Leia abaixo a íntegra dos textos:
Nota sobre o Datasus, com resposta sobre a diferença de variação entre os dados da Secretaria da Segurança Pública e do Ministério da Saúde:
"A SSP informa que cada instituição usa uma fonte e uma metodologia própria de coleta e análise de dados. Por isso, sempre haverá diferença entre os levantamentos. É importante salientar que os registros de mortes intencionais em São Paulo têm uma média 89,3% dos registros do Datasus, entre 2001 e 2014.
Os indicadores de criminalidade são um retrato mensal de casos registrados, por isso não pode incluir um homicídio de uma vítima que venha a falecer meses depois, ao contrário dos dados do Datasus, que têm fechamento anual. Essa metodologia é mantida pela SSP para permitir a comparação histórica.
Os dados da Saúde têm como preocupação a identificação da natureza da morte do ponto de vista sanitário (natureza da lesão, instrumento causador etc.). Na Segurança Pública, a preocupação é de natureza jurídica e criminológica. Assim, na declaração de óbito poderá constar como causa básica da morte “perfuração do abdome por objeto contundente”, sendo classificado como homicídio. Contudo, poderá ser registrado no boletim de ocorrência, dependendo da situação, como homicídio doloso, homicídio culposo, latrocínio, suicídio, lesão corporal seguida de morte ou lesão corporal grave (pois, no momento da confecção do boletim, a vítima ainda pode estar viva).
Cabe salientar que a SSP adota o critério internacionalmente reconhecido de número de ocorrências por 100 mil habitantes, desde a edição da Resolução 160, em 2001, com total transparência aos dados, considerados de alta qualidade pelo Fórum Brasileiro de Segurança Pública, entre outros órgãos.

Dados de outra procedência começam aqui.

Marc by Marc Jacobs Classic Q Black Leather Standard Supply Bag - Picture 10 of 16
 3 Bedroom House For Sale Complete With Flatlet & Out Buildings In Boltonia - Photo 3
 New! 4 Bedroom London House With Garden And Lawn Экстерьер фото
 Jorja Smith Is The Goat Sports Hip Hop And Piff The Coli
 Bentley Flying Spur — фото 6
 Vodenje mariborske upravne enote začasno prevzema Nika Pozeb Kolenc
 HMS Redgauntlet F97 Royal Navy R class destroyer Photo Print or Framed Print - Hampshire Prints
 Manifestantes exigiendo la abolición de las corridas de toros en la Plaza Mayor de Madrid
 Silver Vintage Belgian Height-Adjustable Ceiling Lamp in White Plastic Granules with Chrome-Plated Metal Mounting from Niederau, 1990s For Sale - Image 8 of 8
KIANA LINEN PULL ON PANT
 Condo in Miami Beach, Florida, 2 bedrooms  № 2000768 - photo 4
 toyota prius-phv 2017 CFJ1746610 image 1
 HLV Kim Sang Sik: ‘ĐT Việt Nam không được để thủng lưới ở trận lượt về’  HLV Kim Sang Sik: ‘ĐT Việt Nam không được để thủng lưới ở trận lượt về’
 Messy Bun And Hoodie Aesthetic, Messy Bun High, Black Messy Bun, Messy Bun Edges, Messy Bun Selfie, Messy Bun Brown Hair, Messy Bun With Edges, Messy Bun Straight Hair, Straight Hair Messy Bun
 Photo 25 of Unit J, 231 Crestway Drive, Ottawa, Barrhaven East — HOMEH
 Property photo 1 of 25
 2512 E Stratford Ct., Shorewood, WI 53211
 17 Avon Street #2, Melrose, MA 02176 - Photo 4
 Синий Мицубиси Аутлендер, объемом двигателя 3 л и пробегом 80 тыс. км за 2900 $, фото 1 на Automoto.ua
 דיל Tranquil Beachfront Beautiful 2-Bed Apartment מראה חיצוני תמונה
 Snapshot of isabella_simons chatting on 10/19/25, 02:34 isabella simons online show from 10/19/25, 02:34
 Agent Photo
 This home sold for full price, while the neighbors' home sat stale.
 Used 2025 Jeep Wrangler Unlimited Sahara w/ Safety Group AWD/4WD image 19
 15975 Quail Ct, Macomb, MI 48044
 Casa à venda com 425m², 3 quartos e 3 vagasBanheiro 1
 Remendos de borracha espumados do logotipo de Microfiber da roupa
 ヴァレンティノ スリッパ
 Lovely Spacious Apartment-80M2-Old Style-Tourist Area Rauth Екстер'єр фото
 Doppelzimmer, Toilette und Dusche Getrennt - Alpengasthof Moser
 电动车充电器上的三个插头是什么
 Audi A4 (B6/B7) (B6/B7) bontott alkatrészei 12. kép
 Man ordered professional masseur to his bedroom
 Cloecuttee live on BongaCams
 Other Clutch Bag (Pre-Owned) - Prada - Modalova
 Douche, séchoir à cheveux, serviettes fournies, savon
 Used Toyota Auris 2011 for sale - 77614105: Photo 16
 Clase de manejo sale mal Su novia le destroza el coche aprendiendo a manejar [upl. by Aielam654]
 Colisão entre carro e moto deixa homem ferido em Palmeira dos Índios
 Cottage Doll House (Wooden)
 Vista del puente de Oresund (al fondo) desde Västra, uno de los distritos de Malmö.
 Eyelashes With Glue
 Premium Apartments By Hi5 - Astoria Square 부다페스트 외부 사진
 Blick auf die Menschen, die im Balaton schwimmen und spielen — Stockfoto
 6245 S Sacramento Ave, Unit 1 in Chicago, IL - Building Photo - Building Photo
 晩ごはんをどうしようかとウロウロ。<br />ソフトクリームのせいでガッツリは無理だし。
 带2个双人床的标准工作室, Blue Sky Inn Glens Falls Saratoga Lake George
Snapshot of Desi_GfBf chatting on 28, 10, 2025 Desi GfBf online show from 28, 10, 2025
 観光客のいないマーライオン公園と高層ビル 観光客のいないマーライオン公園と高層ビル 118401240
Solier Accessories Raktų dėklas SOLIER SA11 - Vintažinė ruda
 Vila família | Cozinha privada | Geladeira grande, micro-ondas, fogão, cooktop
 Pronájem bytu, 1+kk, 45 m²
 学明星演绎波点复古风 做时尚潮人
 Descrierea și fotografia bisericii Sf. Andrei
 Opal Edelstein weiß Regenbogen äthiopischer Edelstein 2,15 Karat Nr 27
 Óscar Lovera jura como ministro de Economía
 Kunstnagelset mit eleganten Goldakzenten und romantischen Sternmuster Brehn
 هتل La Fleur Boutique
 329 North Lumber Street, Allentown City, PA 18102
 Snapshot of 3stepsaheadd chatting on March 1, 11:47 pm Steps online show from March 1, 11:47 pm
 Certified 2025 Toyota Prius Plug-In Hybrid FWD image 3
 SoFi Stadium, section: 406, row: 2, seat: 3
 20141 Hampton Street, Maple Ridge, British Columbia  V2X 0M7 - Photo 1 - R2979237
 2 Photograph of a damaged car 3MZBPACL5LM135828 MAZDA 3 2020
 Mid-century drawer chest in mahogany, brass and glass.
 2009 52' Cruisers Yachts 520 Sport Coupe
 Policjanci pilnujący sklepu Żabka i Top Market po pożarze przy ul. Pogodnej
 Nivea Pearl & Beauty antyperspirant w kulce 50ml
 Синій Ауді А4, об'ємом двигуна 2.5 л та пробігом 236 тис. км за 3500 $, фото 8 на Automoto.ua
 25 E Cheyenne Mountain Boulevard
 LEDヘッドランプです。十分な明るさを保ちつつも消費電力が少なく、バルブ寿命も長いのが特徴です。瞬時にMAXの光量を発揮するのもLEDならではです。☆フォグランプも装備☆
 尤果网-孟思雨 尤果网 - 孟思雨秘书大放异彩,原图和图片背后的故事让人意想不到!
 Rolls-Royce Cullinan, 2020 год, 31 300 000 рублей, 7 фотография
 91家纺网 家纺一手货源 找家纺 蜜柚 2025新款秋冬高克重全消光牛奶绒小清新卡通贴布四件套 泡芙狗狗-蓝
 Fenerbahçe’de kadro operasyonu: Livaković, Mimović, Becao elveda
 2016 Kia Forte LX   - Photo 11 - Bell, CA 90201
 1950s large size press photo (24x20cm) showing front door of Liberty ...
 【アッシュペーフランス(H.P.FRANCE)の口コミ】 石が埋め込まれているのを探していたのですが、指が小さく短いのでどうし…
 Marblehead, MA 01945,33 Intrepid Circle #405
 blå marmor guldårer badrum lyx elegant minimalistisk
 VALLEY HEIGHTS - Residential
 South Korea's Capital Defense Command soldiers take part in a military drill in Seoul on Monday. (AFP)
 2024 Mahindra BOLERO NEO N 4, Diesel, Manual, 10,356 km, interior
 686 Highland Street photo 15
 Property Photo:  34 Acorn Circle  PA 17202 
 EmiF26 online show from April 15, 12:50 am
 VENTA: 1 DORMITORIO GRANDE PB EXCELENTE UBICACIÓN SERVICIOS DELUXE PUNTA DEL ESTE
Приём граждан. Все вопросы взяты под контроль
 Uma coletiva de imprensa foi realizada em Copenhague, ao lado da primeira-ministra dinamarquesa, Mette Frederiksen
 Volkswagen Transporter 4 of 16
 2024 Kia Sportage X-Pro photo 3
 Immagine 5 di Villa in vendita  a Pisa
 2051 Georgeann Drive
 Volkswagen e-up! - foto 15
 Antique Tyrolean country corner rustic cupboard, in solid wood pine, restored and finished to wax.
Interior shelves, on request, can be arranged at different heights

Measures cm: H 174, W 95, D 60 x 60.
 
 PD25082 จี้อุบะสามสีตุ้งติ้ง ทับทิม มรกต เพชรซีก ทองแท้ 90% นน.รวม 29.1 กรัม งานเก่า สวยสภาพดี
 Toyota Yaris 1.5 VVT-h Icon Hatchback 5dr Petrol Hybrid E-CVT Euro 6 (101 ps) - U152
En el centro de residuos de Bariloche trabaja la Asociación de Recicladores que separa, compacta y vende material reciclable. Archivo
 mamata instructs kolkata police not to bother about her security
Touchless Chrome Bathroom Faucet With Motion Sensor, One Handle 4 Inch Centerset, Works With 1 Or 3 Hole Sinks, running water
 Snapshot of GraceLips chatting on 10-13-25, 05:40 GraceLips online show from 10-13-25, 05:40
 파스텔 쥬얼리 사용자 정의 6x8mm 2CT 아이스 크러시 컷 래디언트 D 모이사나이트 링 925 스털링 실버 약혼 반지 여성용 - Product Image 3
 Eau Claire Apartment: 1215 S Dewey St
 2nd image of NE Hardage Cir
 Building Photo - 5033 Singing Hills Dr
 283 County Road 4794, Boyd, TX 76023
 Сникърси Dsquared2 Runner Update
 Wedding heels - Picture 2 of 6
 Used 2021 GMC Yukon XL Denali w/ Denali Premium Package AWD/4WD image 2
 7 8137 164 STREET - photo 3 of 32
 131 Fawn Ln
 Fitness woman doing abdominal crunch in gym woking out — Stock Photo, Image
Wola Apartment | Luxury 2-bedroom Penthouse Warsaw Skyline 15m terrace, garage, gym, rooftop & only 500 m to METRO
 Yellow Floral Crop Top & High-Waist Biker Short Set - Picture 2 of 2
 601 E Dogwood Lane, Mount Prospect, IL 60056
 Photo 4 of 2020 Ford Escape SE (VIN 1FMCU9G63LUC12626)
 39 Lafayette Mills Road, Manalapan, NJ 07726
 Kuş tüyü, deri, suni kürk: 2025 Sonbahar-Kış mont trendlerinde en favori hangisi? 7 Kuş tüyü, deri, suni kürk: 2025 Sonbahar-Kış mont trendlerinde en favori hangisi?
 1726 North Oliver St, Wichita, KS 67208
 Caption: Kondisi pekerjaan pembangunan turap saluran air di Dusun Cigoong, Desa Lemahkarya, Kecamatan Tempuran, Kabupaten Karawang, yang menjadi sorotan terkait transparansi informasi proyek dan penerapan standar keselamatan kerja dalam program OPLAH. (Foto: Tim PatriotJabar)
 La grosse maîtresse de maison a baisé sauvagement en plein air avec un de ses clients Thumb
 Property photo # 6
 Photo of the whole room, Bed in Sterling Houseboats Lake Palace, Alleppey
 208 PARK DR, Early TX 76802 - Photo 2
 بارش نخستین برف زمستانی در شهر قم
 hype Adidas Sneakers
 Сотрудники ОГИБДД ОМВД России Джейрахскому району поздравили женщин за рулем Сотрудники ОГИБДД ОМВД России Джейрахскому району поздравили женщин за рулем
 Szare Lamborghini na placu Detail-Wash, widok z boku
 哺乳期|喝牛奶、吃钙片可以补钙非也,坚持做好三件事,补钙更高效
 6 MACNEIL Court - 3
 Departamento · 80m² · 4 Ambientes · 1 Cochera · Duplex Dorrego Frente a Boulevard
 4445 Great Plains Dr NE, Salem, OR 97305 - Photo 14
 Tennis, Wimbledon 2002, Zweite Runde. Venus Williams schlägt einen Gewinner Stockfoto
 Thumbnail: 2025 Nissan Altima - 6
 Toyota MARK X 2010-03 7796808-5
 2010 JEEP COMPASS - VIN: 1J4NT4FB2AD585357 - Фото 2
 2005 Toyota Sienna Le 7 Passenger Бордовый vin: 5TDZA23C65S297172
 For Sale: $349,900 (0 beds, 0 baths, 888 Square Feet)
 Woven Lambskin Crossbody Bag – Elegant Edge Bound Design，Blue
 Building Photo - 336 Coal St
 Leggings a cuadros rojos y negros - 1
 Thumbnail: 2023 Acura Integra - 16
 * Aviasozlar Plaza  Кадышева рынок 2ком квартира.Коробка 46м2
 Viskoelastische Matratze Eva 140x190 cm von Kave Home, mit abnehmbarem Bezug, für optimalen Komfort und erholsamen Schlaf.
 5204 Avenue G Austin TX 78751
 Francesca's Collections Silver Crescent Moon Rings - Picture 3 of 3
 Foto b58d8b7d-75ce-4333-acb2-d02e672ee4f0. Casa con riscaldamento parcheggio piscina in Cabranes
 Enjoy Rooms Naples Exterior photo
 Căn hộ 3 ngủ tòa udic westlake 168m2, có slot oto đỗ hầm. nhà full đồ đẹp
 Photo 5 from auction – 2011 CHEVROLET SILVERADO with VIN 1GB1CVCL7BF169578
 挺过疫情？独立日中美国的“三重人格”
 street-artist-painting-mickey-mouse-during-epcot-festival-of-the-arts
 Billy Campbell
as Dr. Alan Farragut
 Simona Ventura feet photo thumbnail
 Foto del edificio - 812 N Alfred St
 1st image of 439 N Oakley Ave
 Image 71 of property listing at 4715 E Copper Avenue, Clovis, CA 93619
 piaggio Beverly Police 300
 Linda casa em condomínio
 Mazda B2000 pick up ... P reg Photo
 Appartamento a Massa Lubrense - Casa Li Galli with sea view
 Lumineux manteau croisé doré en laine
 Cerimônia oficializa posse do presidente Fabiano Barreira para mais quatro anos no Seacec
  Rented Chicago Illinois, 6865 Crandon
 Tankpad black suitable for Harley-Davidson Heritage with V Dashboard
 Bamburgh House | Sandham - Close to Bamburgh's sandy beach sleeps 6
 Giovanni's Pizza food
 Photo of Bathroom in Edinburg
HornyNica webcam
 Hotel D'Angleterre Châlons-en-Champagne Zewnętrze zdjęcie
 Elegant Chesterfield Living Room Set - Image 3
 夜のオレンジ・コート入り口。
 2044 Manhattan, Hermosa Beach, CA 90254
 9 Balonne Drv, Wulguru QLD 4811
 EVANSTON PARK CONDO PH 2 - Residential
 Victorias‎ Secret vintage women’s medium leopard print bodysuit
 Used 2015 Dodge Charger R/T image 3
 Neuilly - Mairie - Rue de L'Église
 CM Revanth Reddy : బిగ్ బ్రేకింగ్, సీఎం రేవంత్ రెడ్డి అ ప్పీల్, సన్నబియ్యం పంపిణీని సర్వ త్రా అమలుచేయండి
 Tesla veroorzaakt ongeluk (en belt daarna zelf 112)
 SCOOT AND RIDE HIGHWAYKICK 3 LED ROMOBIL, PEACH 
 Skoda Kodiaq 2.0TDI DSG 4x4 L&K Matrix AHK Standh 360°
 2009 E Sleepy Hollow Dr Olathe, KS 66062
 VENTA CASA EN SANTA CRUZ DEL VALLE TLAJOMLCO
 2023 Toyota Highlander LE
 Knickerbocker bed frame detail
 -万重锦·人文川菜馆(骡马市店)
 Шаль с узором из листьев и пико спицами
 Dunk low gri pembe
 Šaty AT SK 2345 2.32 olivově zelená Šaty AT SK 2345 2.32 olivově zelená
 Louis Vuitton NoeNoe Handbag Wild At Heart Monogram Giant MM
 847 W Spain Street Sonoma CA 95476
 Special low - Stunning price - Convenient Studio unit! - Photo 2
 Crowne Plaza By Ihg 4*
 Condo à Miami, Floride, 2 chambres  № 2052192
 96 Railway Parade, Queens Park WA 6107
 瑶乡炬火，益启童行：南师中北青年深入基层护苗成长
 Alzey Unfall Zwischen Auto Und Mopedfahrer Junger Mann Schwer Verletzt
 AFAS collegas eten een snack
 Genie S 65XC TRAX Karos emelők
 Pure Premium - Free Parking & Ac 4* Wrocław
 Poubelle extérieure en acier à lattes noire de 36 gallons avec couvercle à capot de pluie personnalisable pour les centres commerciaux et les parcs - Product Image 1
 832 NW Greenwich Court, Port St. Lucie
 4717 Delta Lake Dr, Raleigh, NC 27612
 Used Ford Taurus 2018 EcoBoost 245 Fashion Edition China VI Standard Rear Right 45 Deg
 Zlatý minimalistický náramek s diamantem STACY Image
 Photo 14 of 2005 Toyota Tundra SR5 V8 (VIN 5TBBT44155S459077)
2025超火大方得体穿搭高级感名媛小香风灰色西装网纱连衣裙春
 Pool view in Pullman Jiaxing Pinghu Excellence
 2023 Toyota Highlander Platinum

São Paulo, 17 de fevereiro de 2016”
Primeira nota após o Estado questionar a SSP sobre a solução, delegacia responsável, número do inquérito policial e sua data de instauração para 34 casos de “morte suspeita”:
“A SSP informa que, de acordo com o decreto 61.836/16, publicado no dia 19, seu pedido deve ser encaminhado via SIC (Sistema Integrado de Informações ao Cidadão) às autoridades indicadas, nos termos do artigo 3.
São Paulo, 26 de fevereiro de 2016”
Segunda nota, após o Estado analisar e questionar planilha entregue pelo secretário sobre a data de instauração dos inquéritos; oito casos já haviam sido descartados do levantamento
“Nenhum inquérito policial foi instaurado antes dos boletins de ocorrências iniciais. Em todos os casos há BOs anteriores que são os iniciais do caso (como por exemplo, os que apontam o suicídio, a queda). Posteriormente, quando ocorreu o óbito, foram registrados BOs para comunicar esse fato, porém o inquérito policial já estava instaurado, para garantir a investigação. Dessa maneira, o BO 3637 do 56º DP de 16/05/15 possui o BO anterior nº 3586, de 14/05/15, que originou a instauração do inquérito no dia 15/05/15, de Homicídio Tentado. O BO 1254 do 50º DP de 31/01/15 possui um BO anterior nº 1157, de 29/01/15 e cada BO gerou um inquérito diferente, pois inicialmente a vítima foi registrada como desconhecida. Para o BO 1157 - IP 132, instaurado dia 29/01/15 e para o BO 1254 - IP-159 instaurado em 02/02/15, sendo posteriormente apensados em um só e encaminhados para o DHPP. Em um caso houve erro de digitação, referente ao ano do inquérito do BO 1345 do 40º DP do dia 04/05/2015, que foi instaurado dia 25/02/2016 e não 2015.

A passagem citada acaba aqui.